Terminate le risate sono ritornato serio e mi sono chiesto se l’italiano medio sia davvero fatto così. Siccome non sono antropologo, filosofo, politologo o sociologo e di calcio è meglio non parlare…mi sono concentrato su quello che conosco meglio, le automobili. Così ho aperto una battuta di caccia mentale all’italiano medio in auto, facendo abbastanza fatica a trovarlo in maniera univoca e scoprendo invece trovato tante tendenze che si sono susseguite nel tempo. Le chiamo tendenze per essere carino, ma la definizione giusta sarebbe “mandria di pecore che si muove seguendone una”. Tralasciando i luoghi comuni che si sentono sulle automobili, su cui davvero si potrebbe scrivere un libro, basta guardarsi intorno alla ricerca delle copie-carbone. Ovviamente da questo discorso sono esentati tutti quelli che possono spendere poco, per cui l’auto è solo una imprescindibile e pesante voce di spesa.

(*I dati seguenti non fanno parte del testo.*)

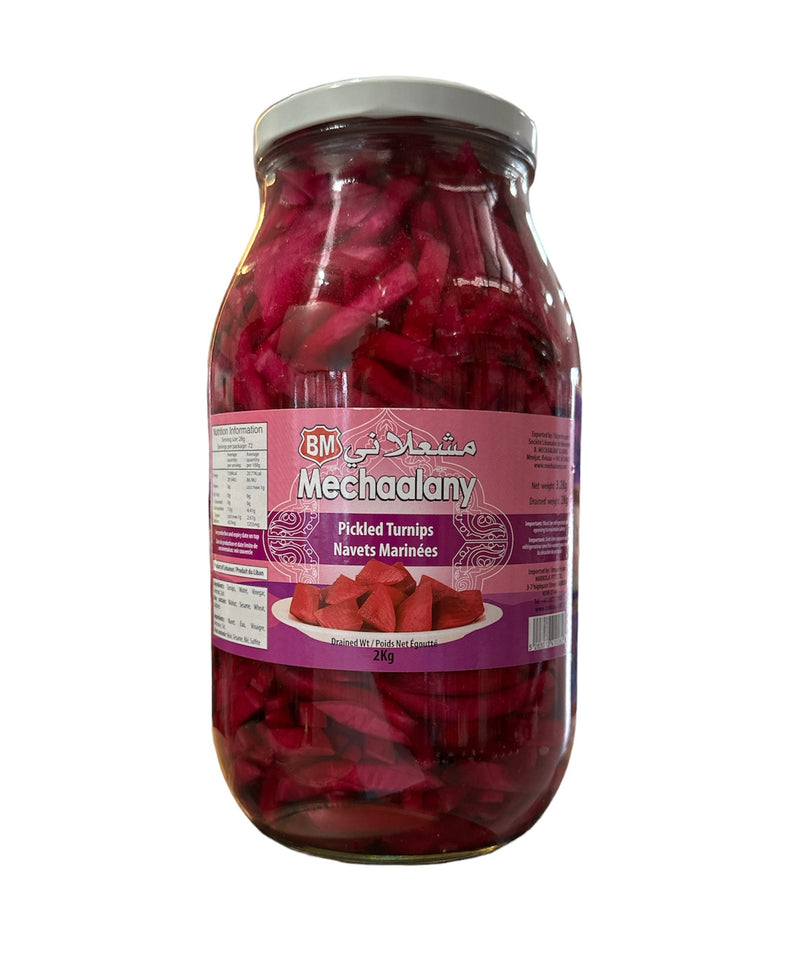 Mechaalany Pickled Turnips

Andando a memoria, ricordo il boom della Volkswagen Golf IV alla fine degli anni Novanta, c’era gente che avrebbe ucciso per una Tdi 110 Cv, poi quelli successivi dell’Audi A3 e della Bmw Serie 1 (la 120d solo per chi poteva spendere sul serio). Che dire poi della prima Mini, un “must-have” di tutte le teenager borghesi, delle Nissan Qashqai e Micra dCi, che facevano “understatement ma non troppo” e della Fiat 500, la prima auto dei giovani italiani ormai invecchiati? Tutte auto validissime, che sono riuscite a intercettare una certa fetta di pubblico e a creare un desiderio di imitazione, spesso basato su ragioni davvero poco concrete. E non è certamente, solo, una questione di prezzo, altrimenti non si spiegherebbe né il successo della Dacia Duster, una Suv low-cost che è diventata cool, né quello della Smart, una “mezza-macchina”, che costa come una intera.

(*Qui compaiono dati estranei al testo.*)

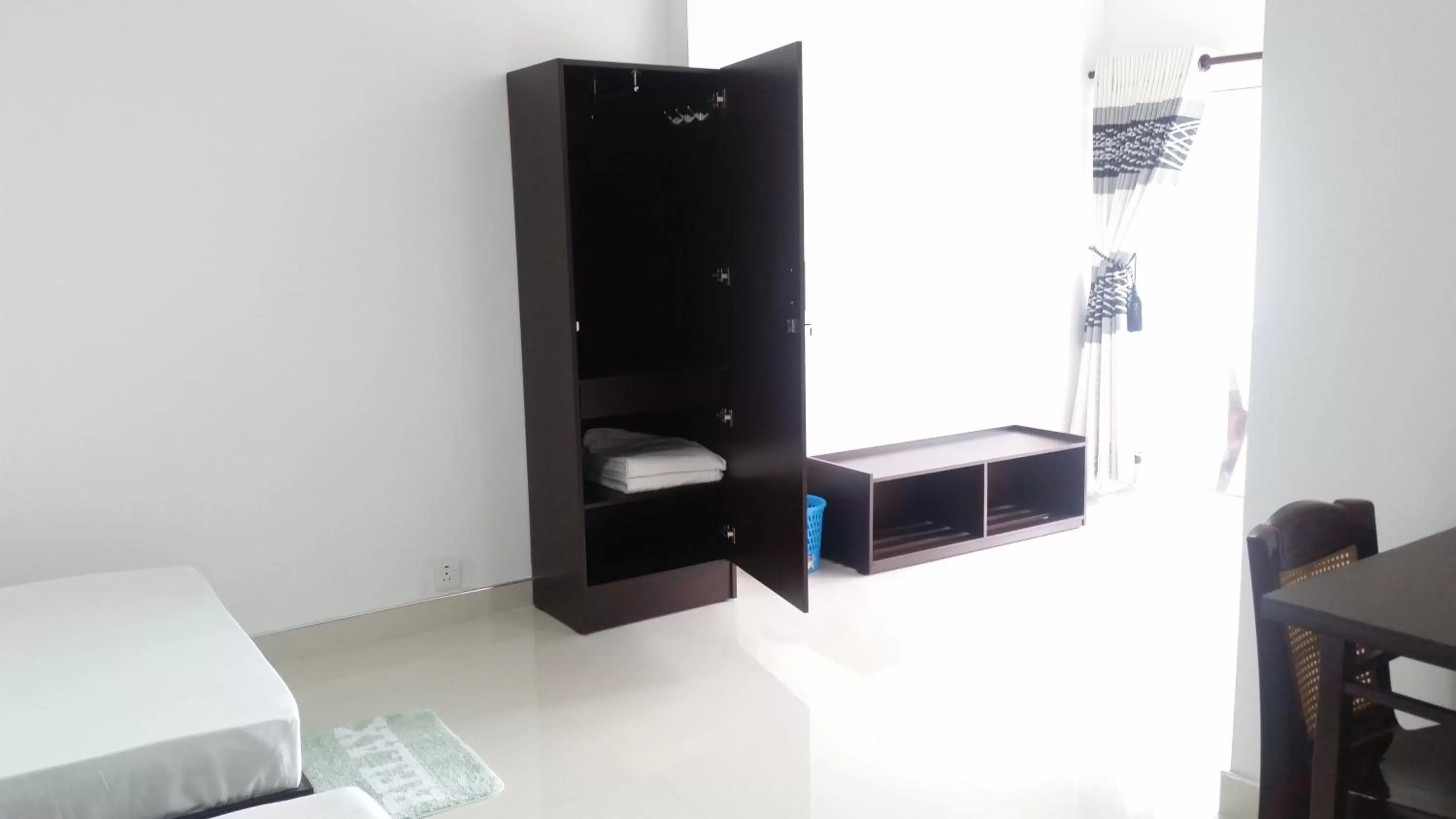 Bed in Mahaweli View Inn Kandy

Insomma, la scelta l’automobile si conferma più che mai un fatto culturale, guidato da motivazioni che cambiano in ogni Paese, regione, città o provincia. Il filo conduttore, però, è sempre lo stesso: l‘estetica. Sono le auto belle ad avere successo e lo conferma l’ultima ricerca Gfk Eurisko, secondo cui lo stile è il primo motivo di scelta, il rapporto qualità/prezzo il secondo e l’affidabilità il terzo. Come dire, l’importante è avere l’auto “giusta” per fare bella figura con gli altri, poi se si rompe me lo tengo per me e spendo in silenzio.